A review by screamdogreads
Are You Happy Now by Hanna Jameson

4.0

"He looked at the girl in the back of the car and wished he could feel genuine concern, but all he felt was dehydrated. Being driven through New York at night always made him melancholy."

Are You Happy Now is one of those quiet yet devastating kind of novels. It's at once both insightful and hazy, almost with a disconnected kind of air about it. In fact, it reads much like a crash course in melancholy, a lighter version of the novels I'd typically read yet still all too captivating and addictive. It's a really rather difficult book to read and to review, Are You Happy Now presents us with a shockingly vivid portrayal of depression cast against an almost numb end of the world, dystopic hellscape. Unease and dread creep so slowly into this text that at first, it's almost unnoticeable, by the end, however, it's impossible to ignore.

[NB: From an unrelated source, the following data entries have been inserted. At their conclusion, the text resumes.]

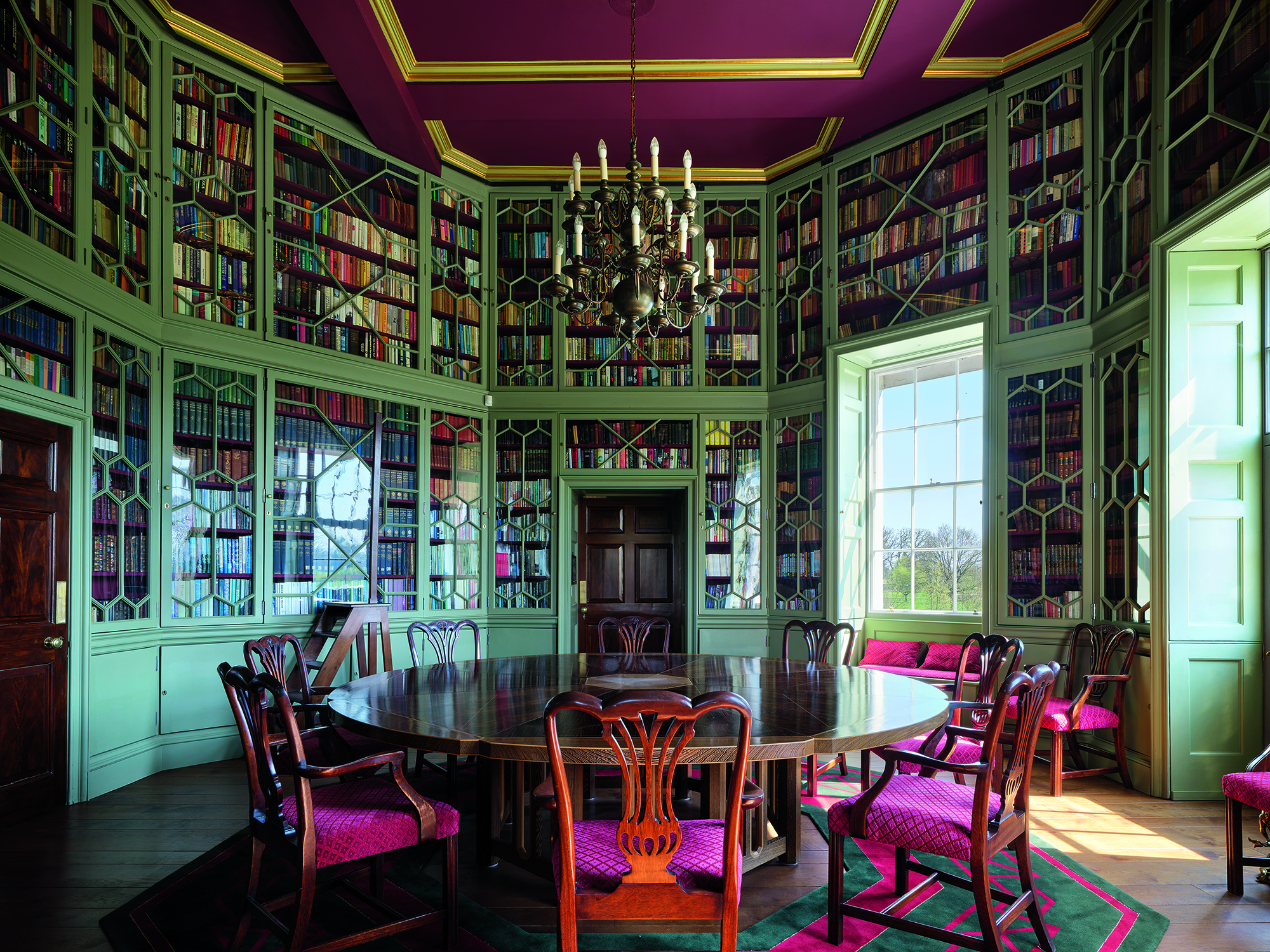 a magnificent room complete with floor to ceiling bookshelves and a grand central table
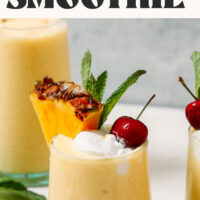 Glasses of our piña colada garnished with coconut whipped cream, a cherry, and a pineapple slice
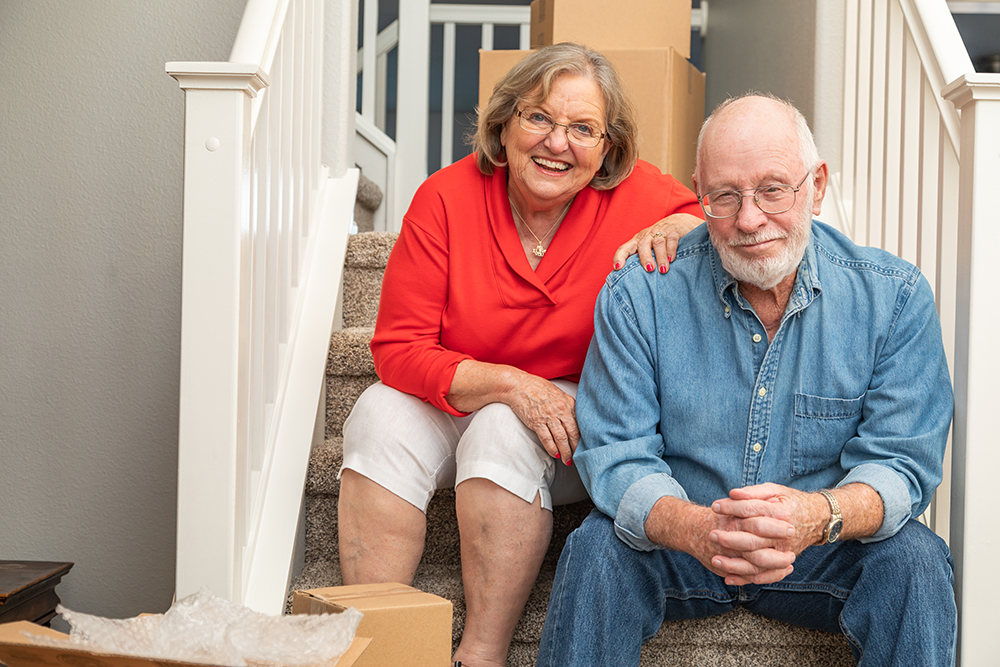 Senior Couple Resting On Stairs Surrounded By Moving Boxes.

Ironically, reading Are You Happy Now feels much like giving up under the exhausting and crushing weight of all that surrounds us. It's a very melodramatic novel in a hyper-specific way, the characters are absolutely ridiculous that the text borders on satirical while also somehow managing to be endearing. It produces a strange feeling, all this melodrama with the detachment found in the story, nothing overwrought yet everything kind of absurd. Once it's all said and done, it's a novel of vagueness and uncertainty, there's never a real answer. Are we witnessing the end of the world or, simply, lives coming to a close? To the credit of the novel, this sort of open-ended, ambiguity only enhances the story further.

 
"You know, the last time someone on our floor killed themselves he just threw himself in front of the L train. Why couldn't she just do something like that? Like everyone else? She couldn't just die, she had to cause this much drama. You must have to really hate everyone, to decide you're going to die like that." 


Overall, it was a delightful experience to explore a story so bleak and crushing but, that doesn't come with the intention of melting your brain away. It's a beautiful story, and a beautiful book, one that's wildly fascinating and boldly brutal. Nothing is particularly shocking and yet it still manages to hit like a speeding Mack truck. It raises more questions than it answers, it's existential dread in print form.

"He tasted blood but still couldn't feel any pain. He couldn't feel anything. He thought about Kevin and how he should not tell him about this, about how dying really did feel like nothing. Then he was gone."